Start of DATASET RECORDS
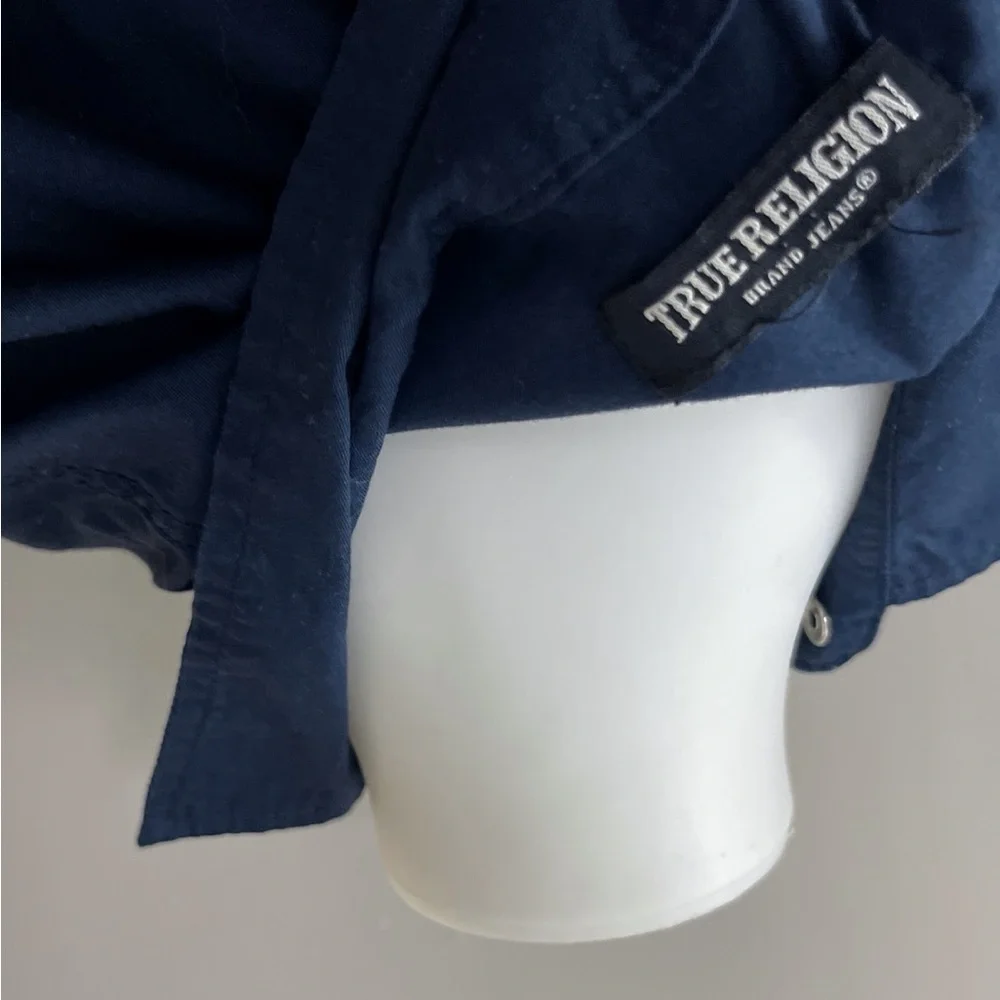 True Religion Dark Blue Casual Button Down Shirt Western Casual Cotton
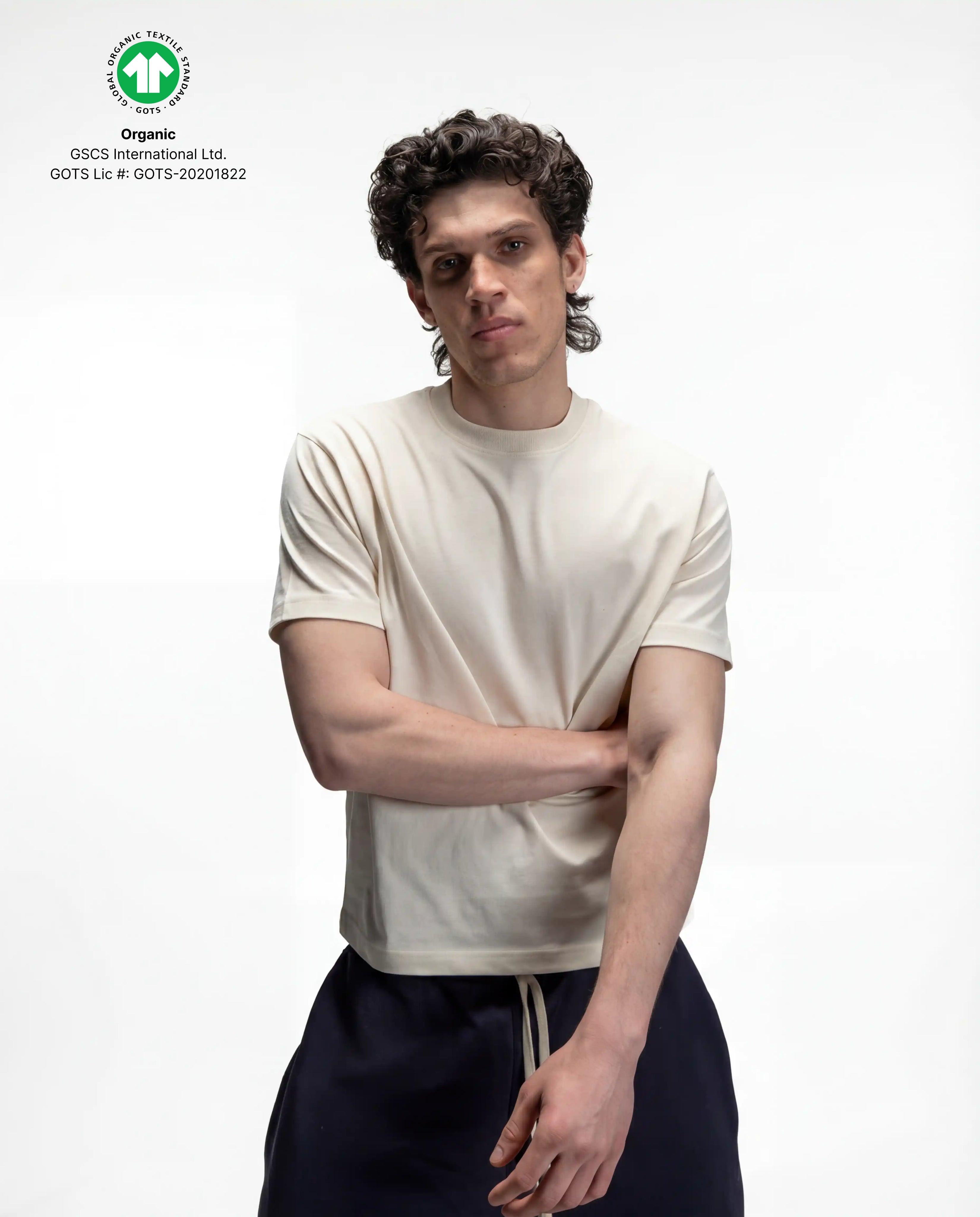Standard Fit Cropped Tee, 220 GSM Organic Cotton - Artic Wolf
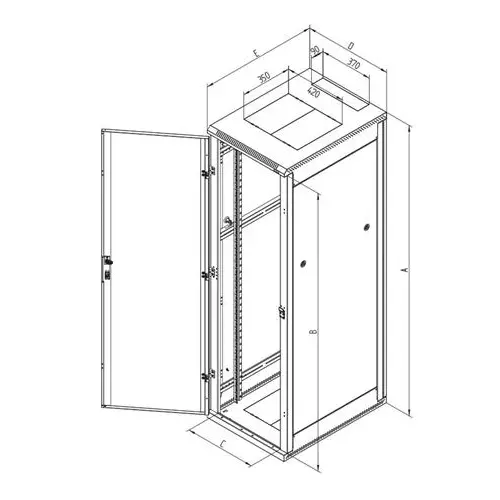 obrázek produktu Triton 19" rozvaděč stojanový 47U/600x800, skleněné dveře, černá barva, nosnost 400Kg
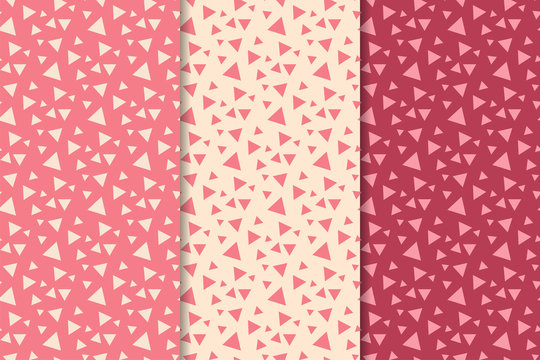 Cherry red geometric prints. Set of seamless patterns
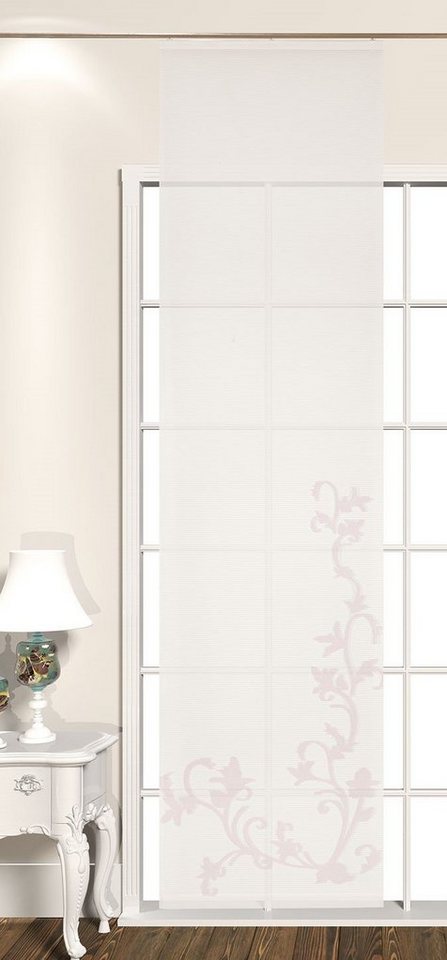 EXPERIENCE Schiebegardine Flächenvorhang Schiebegardine Scheibengardine Eire 60 x 245 cm inkl. Technik (1 St), Paneelwagen, halbtransparent, Scherli, Serie Elfe von EXPERIENCE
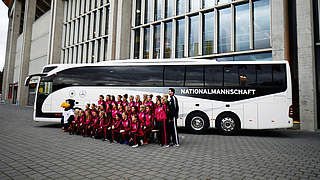 The Germany women's team has a new team bus © 2015 Getty Images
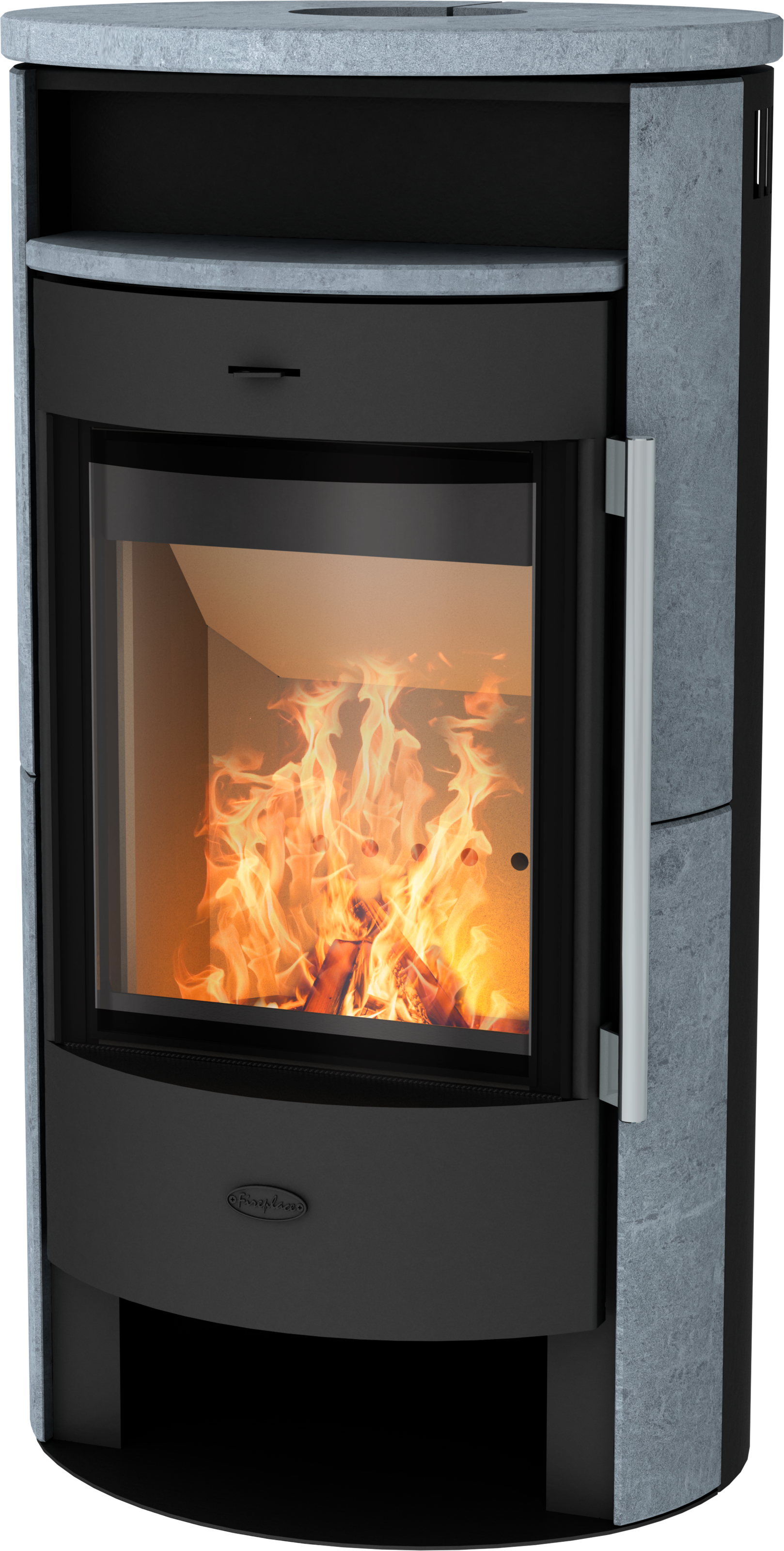 FIREPLACE Kaminofen "Durango Speckstein", grau, Wohnzimmer, Kaminöfen, Tee- und Holzfach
End of DATASET RECORDS
*WHAT YOU WILL DO*
Transcribe all of the data above verbatim but omit every picture.

*COMPLETED TASK*
 True Religion Dark Blue Casual Button Down Shirt Western Casual Cotton
Standard Fit Cropped Tee, 220 GSM Organic Cotton - Artic Wolf
 obrázek produktu Triton 19" rozvaděč stojanový 47U/600x800, skleněné dveře, černá barva, nosnost 400Kg
 Cherry red geometric prints. Set of seamless patterns
 EXPERIENCE Schiebegardine Flächenvorhang Schiebegardine Scheibengardine Eire 60 x 245 cm inkl. Technik (1 St), Paneelwagen, halbtransparent, Scherli, Serie Elfe von EXPERIENCE
 The Germany women's team has a new team bus © 2015 Getty Images
 FIREPLACE Kaminofen "Durango Speckstein", grau, Wohnzimmer, Kaminöfen, Tee- und Holzfach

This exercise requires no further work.